As for not releasing the specs for their older chips… Why would they? They want you to buy their current chips. Sure, it would be useful for many people, including myself. After all, I still use a GF4 Ti4200. Still, they are a corporation with shareholders, not a charity. It’s all about money and keeping control on their products while avoiding potential lawsuits for stepping on some patents or exposing a workaround to a copy protection (TV out with Macrovision comes to mind)… Same for ATI, by the way. (Un)fortunately (depending from which point of view you are looking), it’s not engineers that are running enterprises.

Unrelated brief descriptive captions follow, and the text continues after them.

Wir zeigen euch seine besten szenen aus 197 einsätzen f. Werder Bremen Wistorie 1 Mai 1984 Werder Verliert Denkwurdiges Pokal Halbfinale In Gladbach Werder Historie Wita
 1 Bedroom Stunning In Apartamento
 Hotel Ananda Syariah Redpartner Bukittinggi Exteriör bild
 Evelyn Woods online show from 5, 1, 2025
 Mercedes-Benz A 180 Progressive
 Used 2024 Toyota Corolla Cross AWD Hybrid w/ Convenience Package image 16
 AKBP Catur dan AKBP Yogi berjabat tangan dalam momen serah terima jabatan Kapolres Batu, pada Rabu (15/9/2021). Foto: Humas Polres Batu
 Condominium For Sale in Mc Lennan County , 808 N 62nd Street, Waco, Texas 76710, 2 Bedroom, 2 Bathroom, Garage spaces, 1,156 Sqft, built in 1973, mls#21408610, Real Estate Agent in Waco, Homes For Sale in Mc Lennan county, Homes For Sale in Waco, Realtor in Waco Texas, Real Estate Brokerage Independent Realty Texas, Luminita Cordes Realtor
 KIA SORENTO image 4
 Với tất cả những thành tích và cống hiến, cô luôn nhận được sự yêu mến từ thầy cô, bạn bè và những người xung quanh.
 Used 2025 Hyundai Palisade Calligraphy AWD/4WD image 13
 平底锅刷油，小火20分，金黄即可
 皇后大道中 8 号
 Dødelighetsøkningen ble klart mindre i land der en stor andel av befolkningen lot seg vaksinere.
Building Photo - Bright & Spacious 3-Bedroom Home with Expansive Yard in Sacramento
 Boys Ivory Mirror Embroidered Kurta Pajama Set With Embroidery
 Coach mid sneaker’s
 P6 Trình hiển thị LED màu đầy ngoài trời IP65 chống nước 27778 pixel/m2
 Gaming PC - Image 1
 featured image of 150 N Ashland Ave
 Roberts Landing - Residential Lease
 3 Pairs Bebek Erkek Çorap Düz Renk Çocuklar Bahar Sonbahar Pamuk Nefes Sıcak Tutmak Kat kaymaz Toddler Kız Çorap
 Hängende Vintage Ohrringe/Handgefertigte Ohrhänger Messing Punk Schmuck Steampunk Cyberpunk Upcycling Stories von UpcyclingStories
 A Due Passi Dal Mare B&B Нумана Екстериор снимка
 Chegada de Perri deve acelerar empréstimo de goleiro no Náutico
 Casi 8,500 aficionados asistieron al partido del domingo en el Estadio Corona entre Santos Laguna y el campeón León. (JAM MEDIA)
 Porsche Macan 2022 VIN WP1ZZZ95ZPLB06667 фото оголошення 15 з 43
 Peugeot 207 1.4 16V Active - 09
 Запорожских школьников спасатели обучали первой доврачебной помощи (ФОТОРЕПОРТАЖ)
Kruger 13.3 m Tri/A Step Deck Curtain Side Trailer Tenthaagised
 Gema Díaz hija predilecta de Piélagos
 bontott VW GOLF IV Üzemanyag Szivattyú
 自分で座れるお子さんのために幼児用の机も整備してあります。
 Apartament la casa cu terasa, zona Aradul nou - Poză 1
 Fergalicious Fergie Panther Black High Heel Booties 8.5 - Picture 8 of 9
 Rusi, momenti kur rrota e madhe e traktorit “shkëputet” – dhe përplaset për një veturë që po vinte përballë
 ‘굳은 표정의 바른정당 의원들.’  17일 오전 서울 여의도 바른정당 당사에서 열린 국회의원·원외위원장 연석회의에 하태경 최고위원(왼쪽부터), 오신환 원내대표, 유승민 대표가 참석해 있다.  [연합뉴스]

———Regarding your title, a GPL policy wouldn’t do much good. To my knowledge, X.org is released on a BSD-like licence.——–
Ok. They need a work-with-the-OSS-community policy.
———As for not releasing the specs for their older chips… Why would they?————
Because smaller companies such as XGI are talking about it. Even if they don’t do it for another year this is a good way to gain marketshare.
The last thing nVidia(or ATi, whoever) wants is more competition.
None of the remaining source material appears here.